The effect of short-term rentals on housing affordability also has been cited as a major concern in several North Carolina cities.
And those arguments regarding the rights of the renters of these homes fail to take into account the rights of nearby homeowners who are not renting, particular on a full-time basis as part of an investment strategy.
Against that backdrop, the state Court of Appeals recently struck down portions of a Wilmington ordinance placing restrictions on short-term rentals. The court essentially found that North Carolina law prohibits cities from requiring registration of those rentals, and that any permitting or other requirements associated with registration is banned under that existing law. The ruling will not affect land-use based restrictions, but how it plays otherwise is complex.
As Adam Lovelady with the UNC School of Government wrote in an analysis of the case, “As always, the devil is in the details.” While land-use law would allow for zoning-based restrictions, the court found that other Wilmington limitations—such as a cap on short-term rental, distance requirements, and proof of shared parking—were so tied to the registration requirements that they were struck down as well.

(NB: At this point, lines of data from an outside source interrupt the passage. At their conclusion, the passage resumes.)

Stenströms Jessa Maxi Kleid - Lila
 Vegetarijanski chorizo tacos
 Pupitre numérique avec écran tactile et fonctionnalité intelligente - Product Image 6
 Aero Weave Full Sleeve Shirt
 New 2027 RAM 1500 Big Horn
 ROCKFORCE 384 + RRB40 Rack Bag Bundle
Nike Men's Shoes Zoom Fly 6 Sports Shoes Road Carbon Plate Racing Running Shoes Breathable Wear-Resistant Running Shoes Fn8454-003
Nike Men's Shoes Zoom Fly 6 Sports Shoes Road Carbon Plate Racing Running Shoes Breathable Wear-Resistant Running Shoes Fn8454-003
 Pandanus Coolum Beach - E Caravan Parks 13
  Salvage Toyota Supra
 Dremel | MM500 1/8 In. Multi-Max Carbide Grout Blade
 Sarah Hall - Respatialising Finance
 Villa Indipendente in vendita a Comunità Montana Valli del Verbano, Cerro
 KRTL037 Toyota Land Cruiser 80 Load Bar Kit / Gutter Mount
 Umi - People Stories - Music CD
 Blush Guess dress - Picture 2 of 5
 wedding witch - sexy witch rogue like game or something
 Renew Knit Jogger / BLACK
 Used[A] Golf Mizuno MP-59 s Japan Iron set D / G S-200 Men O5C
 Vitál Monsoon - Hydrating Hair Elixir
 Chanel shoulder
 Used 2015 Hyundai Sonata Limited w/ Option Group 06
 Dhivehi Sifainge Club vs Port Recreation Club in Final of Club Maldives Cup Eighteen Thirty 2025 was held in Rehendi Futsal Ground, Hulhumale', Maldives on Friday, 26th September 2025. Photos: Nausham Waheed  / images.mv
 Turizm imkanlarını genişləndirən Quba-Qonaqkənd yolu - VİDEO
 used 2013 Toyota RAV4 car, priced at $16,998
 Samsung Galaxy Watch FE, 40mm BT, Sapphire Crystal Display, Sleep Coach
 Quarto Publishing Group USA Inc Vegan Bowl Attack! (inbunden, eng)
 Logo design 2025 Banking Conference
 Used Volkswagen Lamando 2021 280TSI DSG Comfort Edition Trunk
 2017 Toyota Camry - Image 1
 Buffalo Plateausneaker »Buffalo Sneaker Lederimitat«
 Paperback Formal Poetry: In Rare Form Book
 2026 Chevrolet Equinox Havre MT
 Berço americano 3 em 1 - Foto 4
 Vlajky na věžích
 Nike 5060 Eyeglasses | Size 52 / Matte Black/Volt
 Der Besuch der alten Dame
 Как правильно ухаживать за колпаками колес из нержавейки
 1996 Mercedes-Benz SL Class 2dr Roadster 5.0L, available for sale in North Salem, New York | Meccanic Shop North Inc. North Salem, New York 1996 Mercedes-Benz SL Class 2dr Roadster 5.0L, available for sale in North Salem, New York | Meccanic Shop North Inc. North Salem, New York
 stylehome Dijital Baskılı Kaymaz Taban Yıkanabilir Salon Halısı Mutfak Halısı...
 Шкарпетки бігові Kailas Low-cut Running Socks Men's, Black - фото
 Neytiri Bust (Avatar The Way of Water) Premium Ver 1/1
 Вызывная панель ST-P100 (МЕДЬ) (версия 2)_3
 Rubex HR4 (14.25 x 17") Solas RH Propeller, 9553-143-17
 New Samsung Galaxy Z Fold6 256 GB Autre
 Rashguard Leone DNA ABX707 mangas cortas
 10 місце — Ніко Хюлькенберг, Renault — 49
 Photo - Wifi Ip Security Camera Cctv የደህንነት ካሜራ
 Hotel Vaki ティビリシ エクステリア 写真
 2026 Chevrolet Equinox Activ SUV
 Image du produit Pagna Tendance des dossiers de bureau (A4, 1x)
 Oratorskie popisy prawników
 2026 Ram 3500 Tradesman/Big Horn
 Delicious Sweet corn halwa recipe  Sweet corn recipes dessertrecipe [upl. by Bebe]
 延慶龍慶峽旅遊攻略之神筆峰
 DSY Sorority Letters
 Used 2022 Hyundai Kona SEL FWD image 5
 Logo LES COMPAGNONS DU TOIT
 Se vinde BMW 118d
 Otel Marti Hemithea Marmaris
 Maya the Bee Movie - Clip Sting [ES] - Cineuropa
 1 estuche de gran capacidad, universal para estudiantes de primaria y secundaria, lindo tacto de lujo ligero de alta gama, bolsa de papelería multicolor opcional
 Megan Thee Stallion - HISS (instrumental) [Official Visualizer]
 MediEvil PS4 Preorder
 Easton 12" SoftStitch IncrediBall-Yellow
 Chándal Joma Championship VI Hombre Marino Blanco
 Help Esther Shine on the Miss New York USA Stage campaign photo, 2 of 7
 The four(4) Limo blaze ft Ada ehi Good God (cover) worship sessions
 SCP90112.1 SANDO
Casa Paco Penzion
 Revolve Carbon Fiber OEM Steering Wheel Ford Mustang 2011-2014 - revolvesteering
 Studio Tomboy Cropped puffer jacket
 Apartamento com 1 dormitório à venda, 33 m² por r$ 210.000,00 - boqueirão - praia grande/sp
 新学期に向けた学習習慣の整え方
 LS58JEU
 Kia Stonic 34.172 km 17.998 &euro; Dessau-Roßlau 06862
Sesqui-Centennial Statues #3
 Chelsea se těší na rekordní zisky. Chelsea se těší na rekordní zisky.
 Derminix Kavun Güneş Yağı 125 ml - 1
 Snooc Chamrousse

But what happens when they are not tied to a registration requirement? Loveland noted that restrictions such as a distance requirement could, perhaps, stand if not tied to a registration requirement. “There is a good argument that a basic separation requirement enforced through a standard zoning could stand even though the Wilmington separation requirement (being dependent on the unauthorized registration program) was pre-empted,” Lovelady wrote.
Even less clear is what any of this means for the possibility of any new legislation affecting Airbnb and other short-term rentals in the ongoing legislative session and future legislative session.
Airbnb and its lobbyists have certainly been active at statehouses around the country. At the same time, shootings like that in Philadelphia and other high-profile incidents at short-term rental homes have captured the attention of local and state policymakers. Publicity regarding investment firm purchases of homes, and their effects on housing affordability, have only brought more policy focus on the issues created by non-resident home buying.
One result is certain: the push and pull for public policy solutions—at the state and local level—will not be going away anytime soon.